Nathalie Khankan, Saretta Morgan, and Sarah Riggs, at Medicine for Nightmares
Overview
- This program also available via live-stream and at the same link after the event.
Supported by the National Endowment for the Arts
Join us for this in-person event in San Francisco's Mission district, with poets Nathalie Khankan, Saretta Morgan, and Sarah Riggs, reading their work then engaging in conversation with one another and the audience.
- Please note: proof of vaccination and mask are required in order to attend in person.
Bios
Nathalie Khankan is the author of QUIET ORIENT RIOT published by Omnidawn, recipient of the 2021 California Book Award in poetry. Born in Copenhagen, Denmark, she was founding director of The Danish House in Palestine, and is now a lecturer, teaching Arabic language and literature, in the Middle East Languages and Cultures Department at UC Berkeley. Straddling Syrian, Finnish, Danish, and Palestinian homes and hemispheres, she now lives in San Francisco.

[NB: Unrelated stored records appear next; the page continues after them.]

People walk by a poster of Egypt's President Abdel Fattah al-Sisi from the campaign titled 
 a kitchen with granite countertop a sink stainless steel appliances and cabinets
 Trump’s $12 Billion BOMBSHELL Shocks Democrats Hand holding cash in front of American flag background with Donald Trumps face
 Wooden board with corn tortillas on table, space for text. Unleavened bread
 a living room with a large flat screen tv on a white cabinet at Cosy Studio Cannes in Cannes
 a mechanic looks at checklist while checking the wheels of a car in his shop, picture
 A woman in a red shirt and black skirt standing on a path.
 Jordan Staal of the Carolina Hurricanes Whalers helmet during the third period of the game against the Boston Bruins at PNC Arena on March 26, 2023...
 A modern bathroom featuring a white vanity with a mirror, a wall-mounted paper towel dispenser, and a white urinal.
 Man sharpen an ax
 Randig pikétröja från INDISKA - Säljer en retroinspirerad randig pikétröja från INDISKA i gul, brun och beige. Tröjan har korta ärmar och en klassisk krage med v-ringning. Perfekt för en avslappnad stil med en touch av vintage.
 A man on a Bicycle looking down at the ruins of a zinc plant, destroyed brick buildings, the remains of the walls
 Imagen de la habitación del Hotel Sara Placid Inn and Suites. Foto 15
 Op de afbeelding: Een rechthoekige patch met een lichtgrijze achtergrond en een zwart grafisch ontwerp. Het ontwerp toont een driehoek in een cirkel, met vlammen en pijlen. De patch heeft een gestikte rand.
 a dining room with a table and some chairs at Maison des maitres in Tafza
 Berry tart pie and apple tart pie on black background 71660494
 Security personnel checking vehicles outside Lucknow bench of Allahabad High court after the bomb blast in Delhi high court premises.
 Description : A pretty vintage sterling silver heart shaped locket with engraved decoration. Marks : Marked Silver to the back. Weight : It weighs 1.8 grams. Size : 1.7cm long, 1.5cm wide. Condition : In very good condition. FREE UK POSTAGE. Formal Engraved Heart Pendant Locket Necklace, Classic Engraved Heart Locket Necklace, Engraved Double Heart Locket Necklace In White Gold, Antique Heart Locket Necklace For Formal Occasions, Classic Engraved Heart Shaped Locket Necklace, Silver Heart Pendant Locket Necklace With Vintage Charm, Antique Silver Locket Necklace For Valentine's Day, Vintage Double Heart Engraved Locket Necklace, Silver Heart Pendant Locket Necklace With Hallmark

Saretta Morgan is a writer and artist. She lives in Phoenix, Arizona where she teaches Creative Writing at Arizona State University and contributes to the humanitarian aid efforts of No More Deaths Phoenix. She is the author of the chapbooks room for a counter interior (Portable Press @ Yo-Yo Labs, 2017) and Feeling Upon Arrival (Ugly Duckling Presse, 2018). Currently her work addresses Black migration to the United States Southwest and its relationship to contemporary migration and border politics. Saretta holds degrees in writing from Columbia University and Pratt Institute. Most recently she has received grants and fellowships from Arizona Commission on the Arts, Headlands Center for the Arts, the Jerome Foundation and the Center for African American Poetry and Poetics. She is at work on Alt-Nature, her first full-length collection.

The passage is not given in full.